§ Your goal: Exactly the lines from the one containing "So first I'm" through the end of the records must be reproduced; leave out all pictures.

§ Provided data:
◇ ◇ ◇

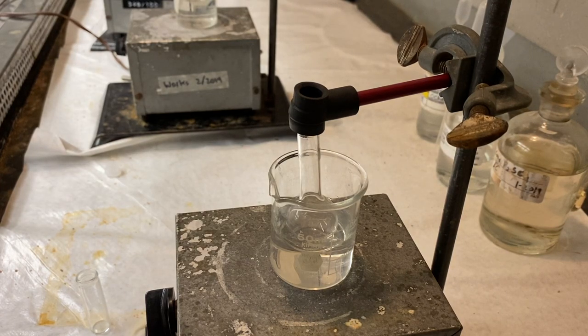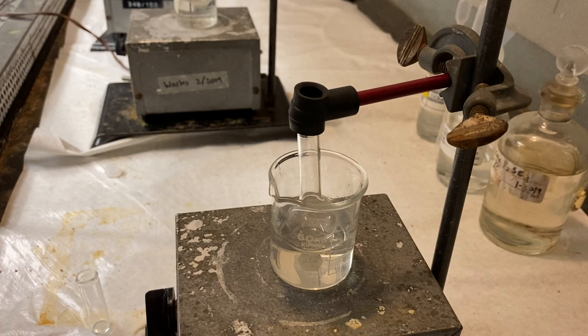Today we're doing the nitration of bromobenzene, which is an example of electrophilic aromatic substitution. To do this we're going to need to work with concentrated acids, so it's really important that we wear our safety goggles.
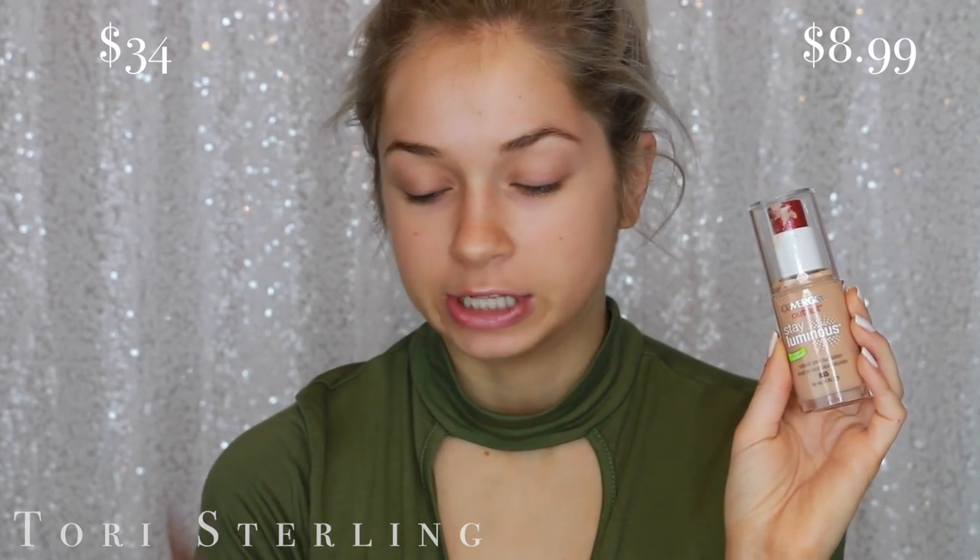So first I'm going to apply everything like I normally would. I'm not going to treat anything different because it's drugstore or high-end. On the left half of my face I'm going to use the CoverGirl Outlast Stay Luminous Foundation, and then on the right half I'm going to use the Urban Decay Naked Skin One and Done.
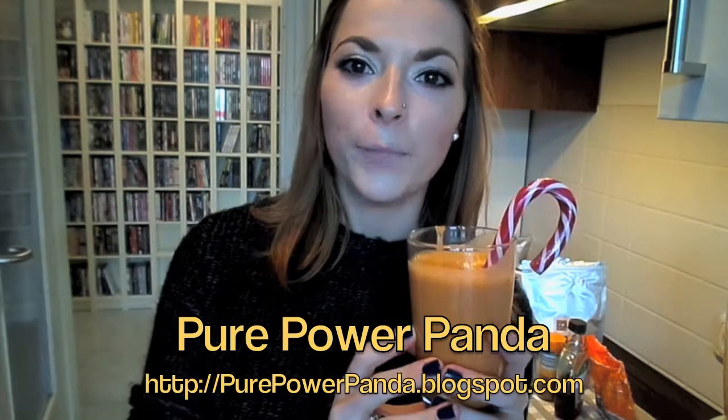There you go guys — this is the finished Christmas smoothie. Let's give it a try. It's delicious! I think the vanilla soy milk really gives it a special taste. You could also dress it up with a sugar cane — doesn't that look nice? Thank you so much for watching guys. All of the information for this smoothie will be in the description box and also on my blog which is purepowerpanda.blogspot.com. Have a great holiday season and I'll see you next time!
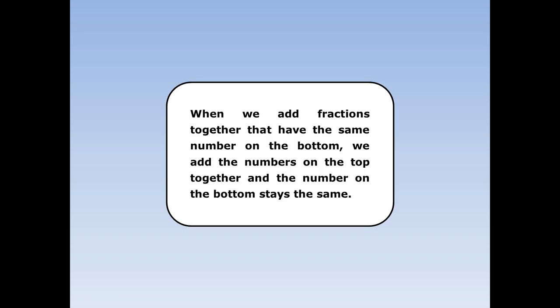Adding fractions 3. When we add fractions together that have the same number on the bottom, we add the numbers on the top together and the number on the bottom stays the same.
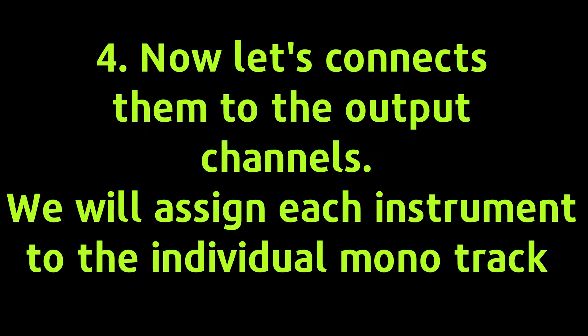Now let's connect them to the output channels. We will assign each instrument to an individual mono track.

◇ ◇ ◇

§ Task output:
So first I'm going to apply everything like I normally would. I'm not going to treat anything different because it's drugstore or high-end. On the left half of my face I'm going to use the CoverGirl Outlast Stay Luminous Foundation, and then on the right half I'm going to use the Urban Decay Naked Skin One and Done.
There you go guys — this is the finished Christmas smoothie. Let's give it a try. It's delicious! I think the vanilla soy milk really gives it a special taste. You could also dress it up with a sugar cane — doesn't that look nice? Thank you so much for watching guys. All of the information for this smoothie will be in the description box and also on my blog which is purepowerpanda.blogspot.com. Have a great holiday season and I'll see you next time!
Adding fractions 3. When we add fractions together that have the same number on the bottom, we add the numbers on the top together and the number on the bottom stays the same.
Now let's connect them to the output channels. We will assign each instrument to an individual mono track.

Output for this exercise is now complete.